Worked fine, except it is now very confused about my "Longest Move Streak" record in Apple Fitness. Here's what it has said at various times this year:
2023-02-04: "You earned this award for your longest daily Move streak. 39 days, ending on 2023-02-03. Your current streak is 1,368 days".
2023-02-21: "You earned this award for your longest daily Move streak. 41 days, ending on 2023-02-20. Your current streak is 1,385 days".
2023-09-24: "You earned this award for your longest daily Move streak. 37 days, ending on 2023-09-23. Your current streak is 1,600 days".
The current streak numbers are correct. The longest streak numbers are now nonsensical and inconsistent.
Unfortunately this doesn’t help your situation, so I’d recommend taking a full offline backup using iTunes, erasing the phone and restoring your backup once you get the device back.
I'm sure plenty fall for it. All those nudes don't leak themselves.

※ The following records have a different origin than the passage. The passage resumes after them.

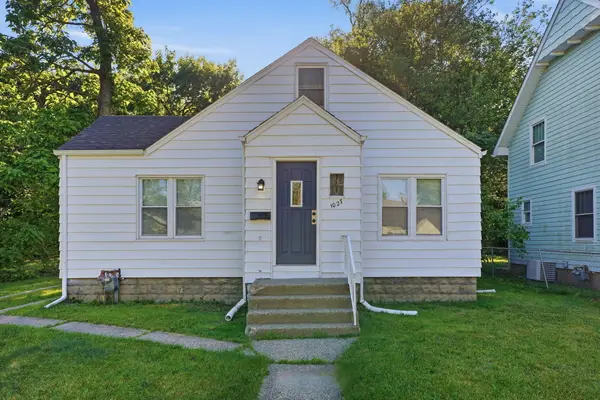 1027 Monroe Street, Benton Harbor, MI 49022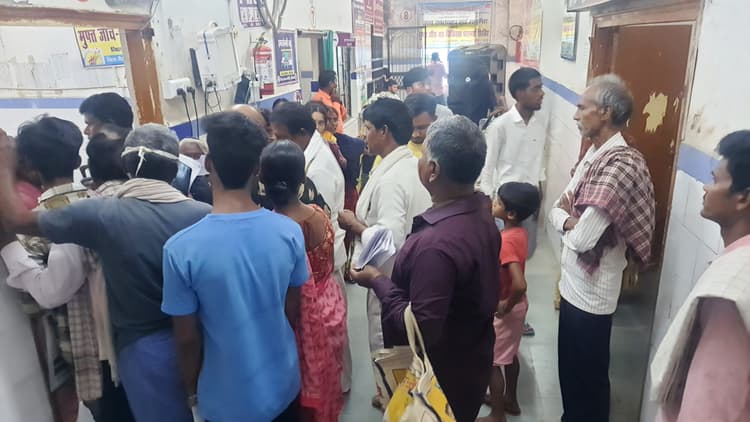 सदर अस्पताल की चरमरायी व्यवस्था, मरीजों को नहीं मिल रहा उचित इलाज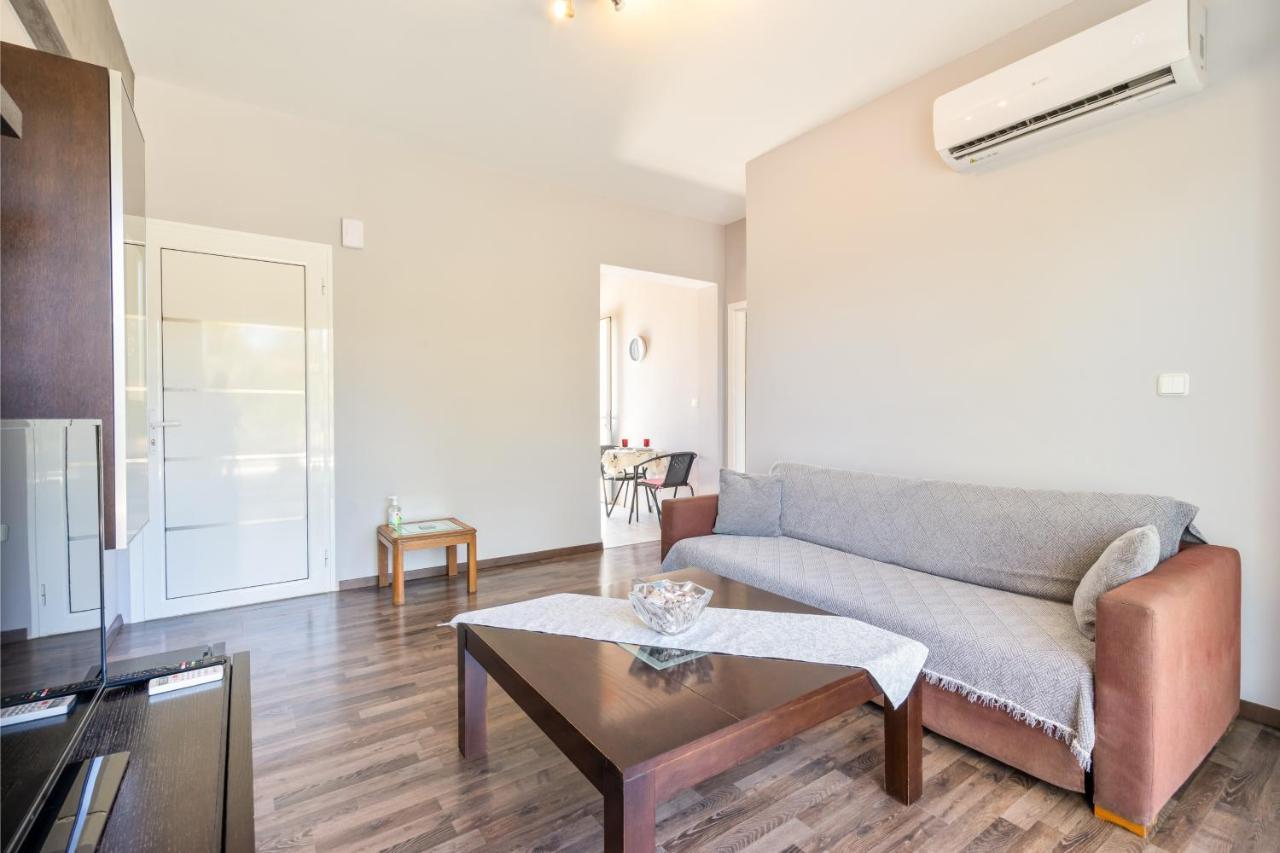 Aristos Garden Apartments Kalithiész Kültér fotó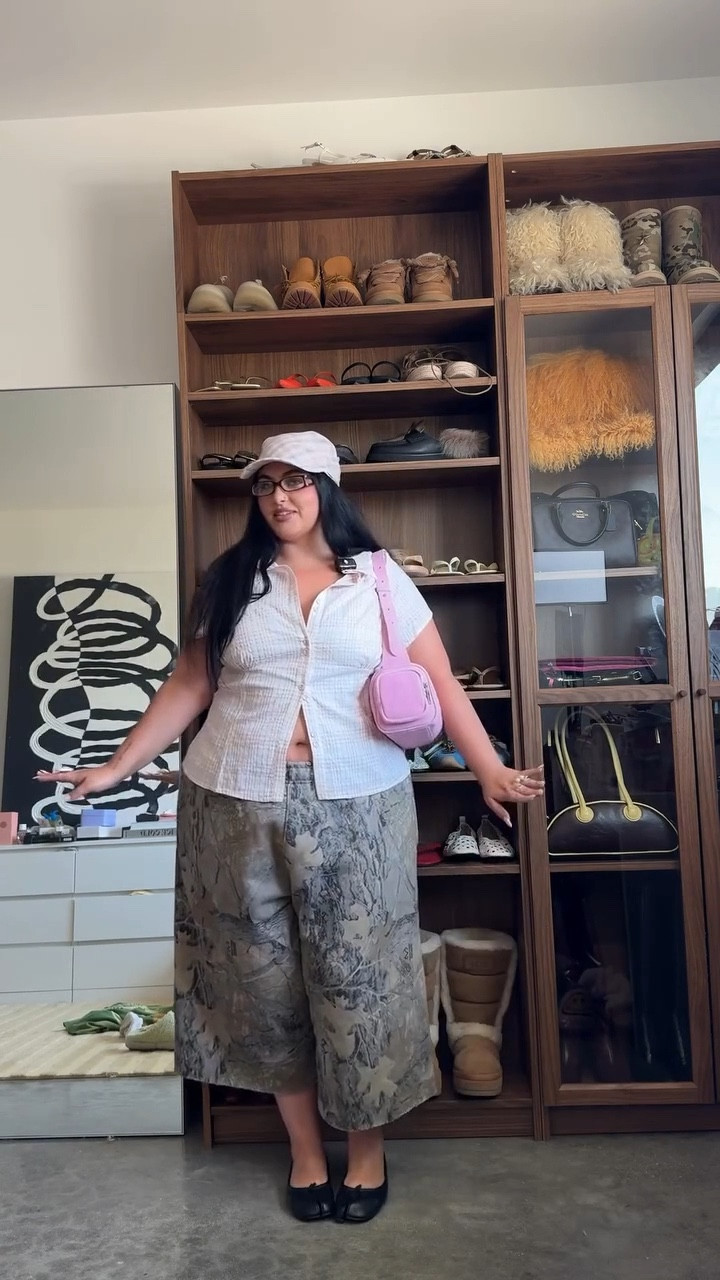 this is literally the first time I’ve gotten ready since I got back home so hi🙂 ily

Doesn't answer your question, but be careful that your distrust doesn't lead you into worse trouble.
No need to hack devices, anymore: https://www.cnn.com/2023/09/20/europe/spain-deepfake-images-...
https://www.samsung.com/uk/support/mobile-devices/what-is-ma...
Yes, the primary device user data remains encrypted. The temporary user functions in a sandboxed state.
>Can thiefs access it and make phone usable?
The expected functionality prohibits access to the primary user data. Even if they were able to break from the sandboxed space somehow, the primary user data maintains an encrypted state.
That was not my point.. just thinking if that would add resell value for the phone. Currently it is zero for iPhones.
Poster is concerned about entering password on a device used by many. Poster could go home log on to iCloud on a device they own and disable Find my from there. No passcodes handed over. No access to device data, remains encrypted.
This avoids a lot of hassle with the store’s repair team and is the same price as most repairs. (The front glass only repair is slightly cheaper than ERS but wouldn’t you rather get a new phone, battery, etc for slightly more?)
[0] https://support.apple.com/iphone/repair/express-replacement
E: no wait I'd just plug it into a computer
The data-storage capacity of things like a TPM or Apple's secure enclave is absolutely tiny (e.g. the TPM specification[1] only requires ~7KiB) - which makes sense considering it only needs to store a handful of encryption keys and other stored-secrets.
[1]https://trustedcomputinggroup.org/resource/pc-client-platfor...
The iPhone does allow you to initiate the enrollment for your Apple Watch without entering the card number again, you just need to re-enter the CVV.
That you can actively ask it to transfer data to the Watch or Cloud doesn't automatically mean that it is not using the TPM for storing that data at rest, requiring the phone to be unlocked for any such transfer.
The Secure Enclave is small, but supported between 8 and 16 cards, depending on hardware. As of iOS 17, the atorage is based on actual space available and can store upwards of 30 cards on an iPhone 14.
I manage RMA for consumer electronics, and we don't do any shit like that.
We just have a factory test firmware that is signed by us, that can be booted from a USB storage, boots in RAM (so it doesn't need anything from local storage except first stage bootloader, and we disable secure enclave in first stage boot in that mode).
It's still a bit of a security tradeoff since that gives attacker an extra surface area to execute code on Application Processor, but still nowhere near giving your password to strangers?
Maybe the apple support app uses a similar mechanism to disable find my?
As far as the Apple support app, I think that Apple does have a legitimate app under that name. However, usually find my is disabled under the find my app, not the Apple support app (unless Apple stores use a custom version with it in there or it’s hidden in the regular app where I can’t find it). It’s also possible the support app just redirected you to the find my app. Either way, if you don’t trust the app, you could just go to a web browser at home and disable it via the web app for find my so they can proceed with the repair. I don’t know if third party repair shops will also make you disable find my, but I know Apple usually asks you to disable find my first
So I just went to a nearby repair guy who only asked for my phone number to update me on the repair status.